In R v Robert John Newton (1983) 77 Cr. App. R. 13, the Court of Appeal identified the three forms of what is now known as a “Newton Hearing”. Disputed facts may be put before the jury for a decision; the judge may hear evidence and then come to a conclusion; or the judge may hear no live evidence but instead listen to submissions from counsel and then come to a conclusion.

12.

For the purposes of this appeal it is accepted, despite the wording of the 2013 Regulations to which I have referred, that live evidence need not be heard for a hearing to qualify as a Newton hearing.
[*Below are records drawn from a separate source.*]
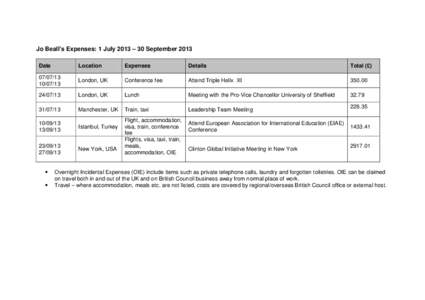 Jo Beall’s Expenses: 1 July 2013 – 30 September 2013 Date Location  Expenses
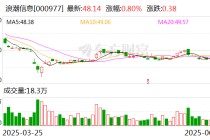 浪潮信息：拟2亿元-3亿元回购股份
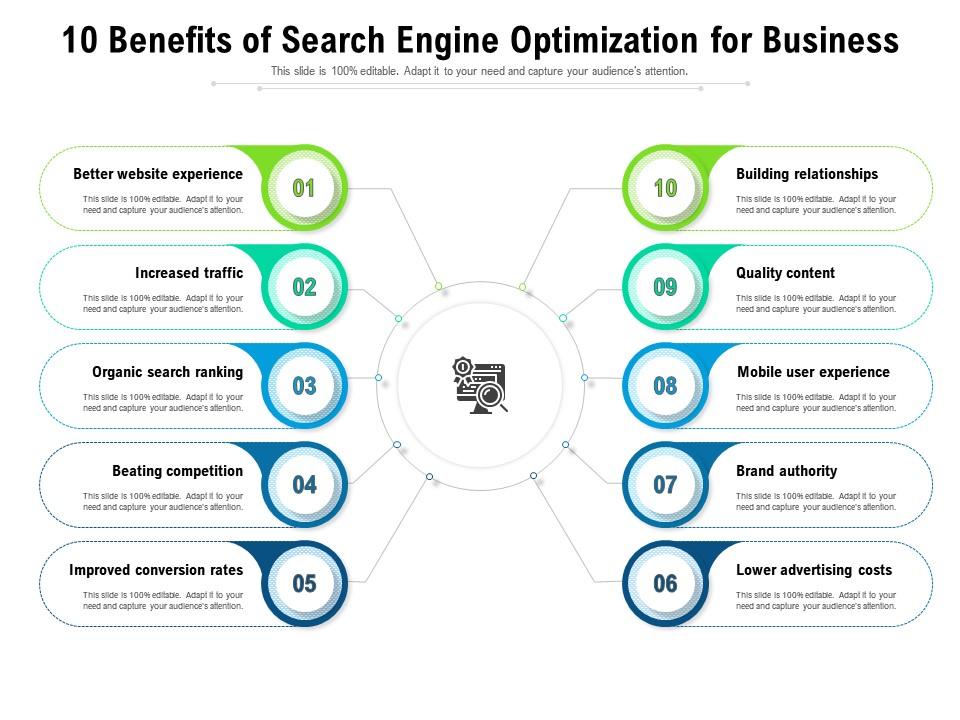 benefits of search engine optimization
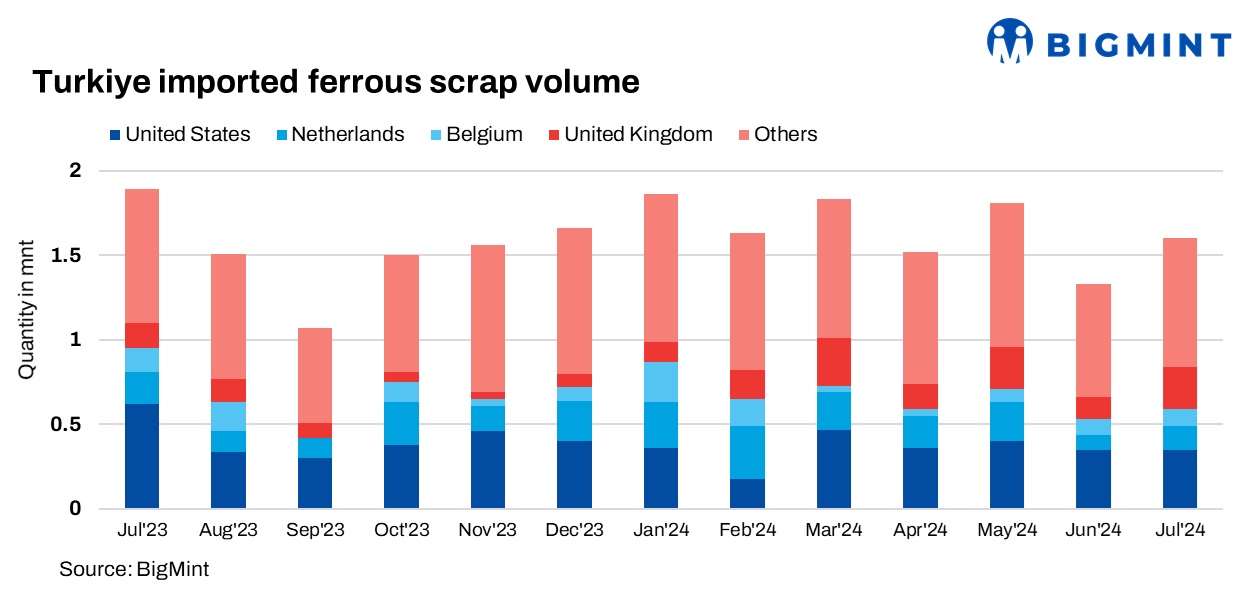 Turkiye: Ferrous scrap imports surge 20% m-o-m in Jul’24 amid rise in scrap flow from Europe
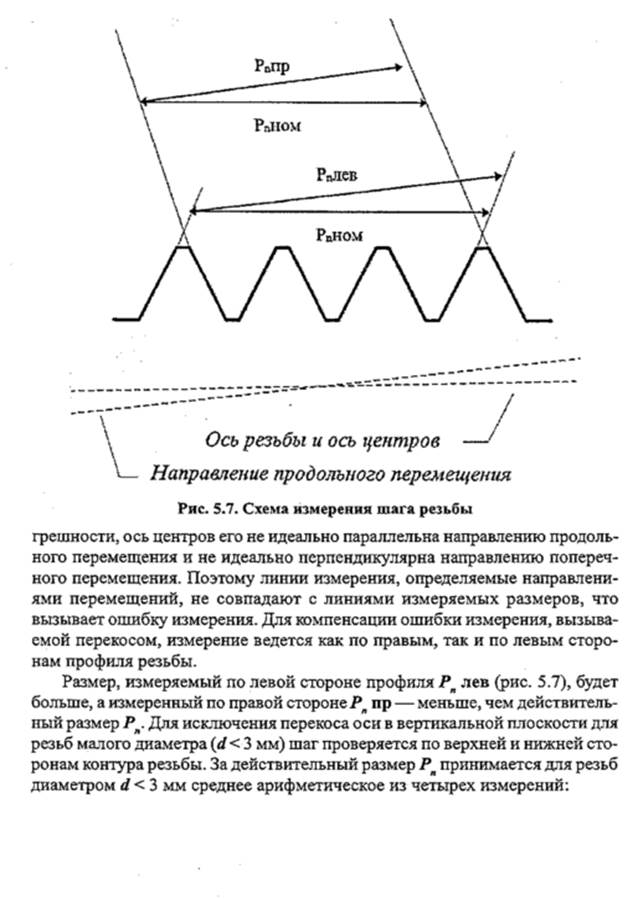 Форма № 4 - student2.ru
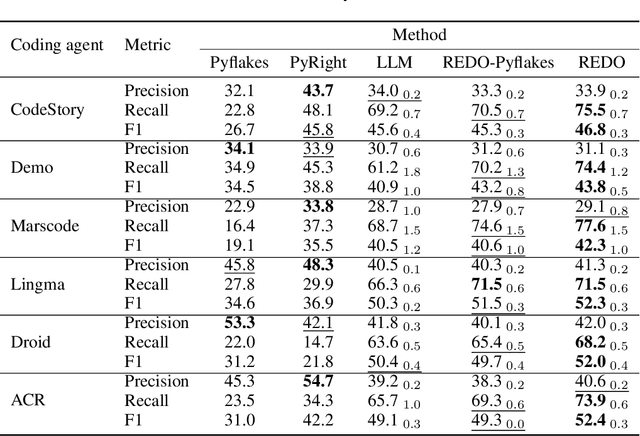 Figure 4 for REDO: Execution-Free Runtime Error Detection for COding Agents
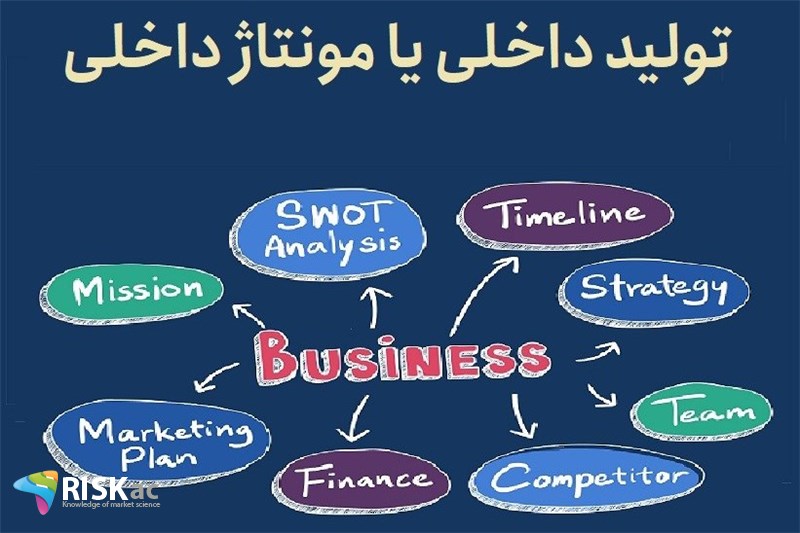 تولید داخلی یا مونتاژ داخلی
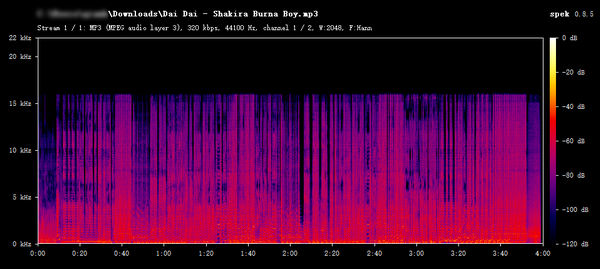 spotisongdownloader mp3 spectrum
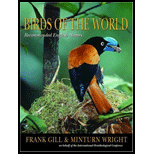 BIRDS OF WORLD RECOMMENDED ENGLISH 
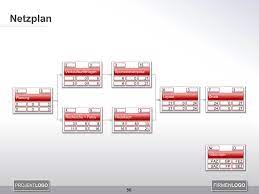 Einen netzplan erstellen mit freeware teil von netzplan vorlage excel. Netzplan Erstellen Projektmanagement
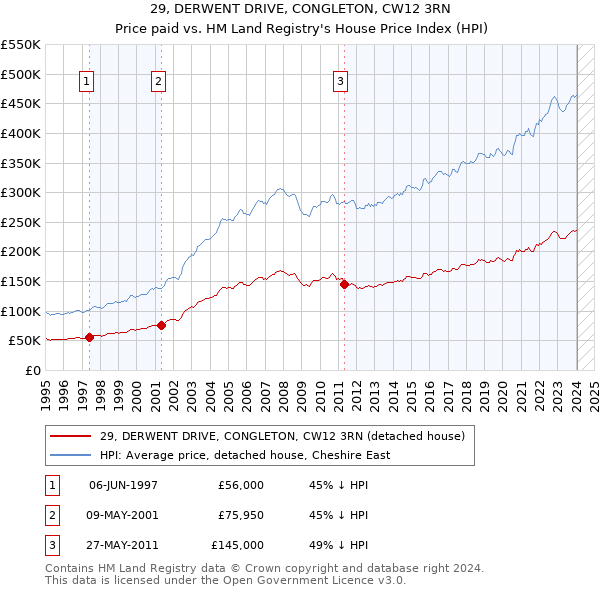 29, DERWENT DRIVE, CONGLETON, CW12 3RN: Price paid vs HM Land Registry's House Price Index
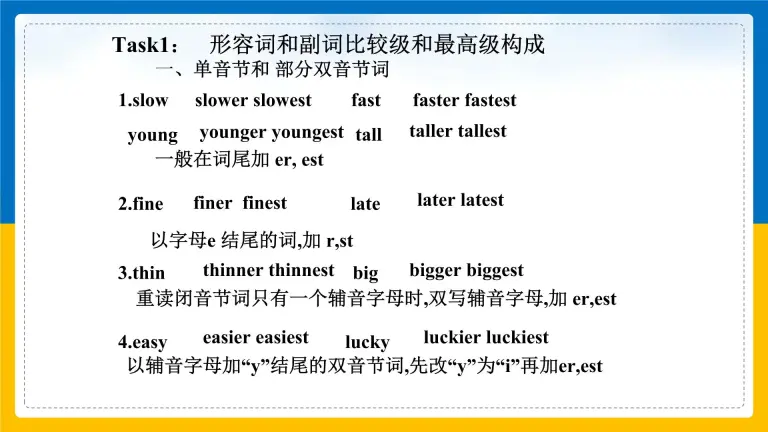 形容词 副词比较级和最高级复习课件 教习网 课件下载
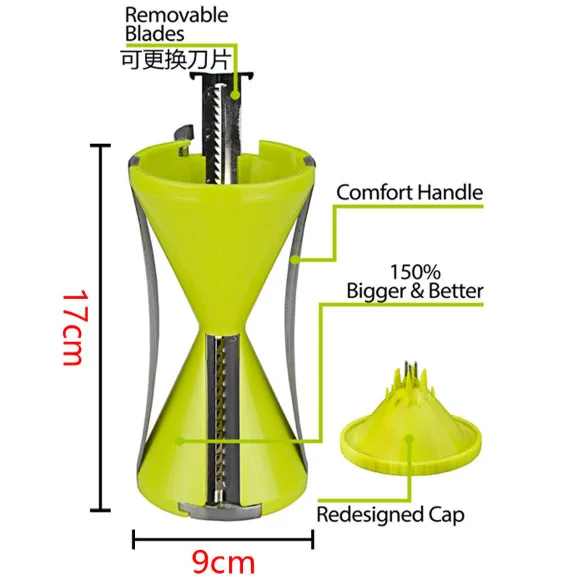 Терка-шинковка для овощей многофункциональное спиральное режущее устройство Воронка резак проволоки 4 вида лезвий маленькие кухонные инструменты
That must be correct, given the principles of R v Newton, to which the 2013 Regulations expressly refer.

13.

The essential point however is that there must be a factual dispute for the judge to resolve. Here, there was none. To the extent that Mr Recorder Bate-Williams referred, in his sentencing remarks, to factual matters, he referred to undisputed factual matters.

14.

Mr Burcombe submits that had the Defendant’s mother and sister been called upon to give evidence, there would be no question that the hearing of 1 September 2023 was a Newton hearing, but they would only have been called to give evidence if some aspect of their evidence had been in dispute. The hearing of 1 September 2023 may have been listed as a Newton hearing, but it proceeded as a sentencing hearing.

15.

It may be that counsel for the Defendant received a fee appropriate to a Newton hearing, but that is not determinative of this appeal. I have to make my own finding on the facts as presented to me, and on the facts of this case my conclusion is that no Newton hearing took place.

16.

For those reasons this appeal must be dismissed.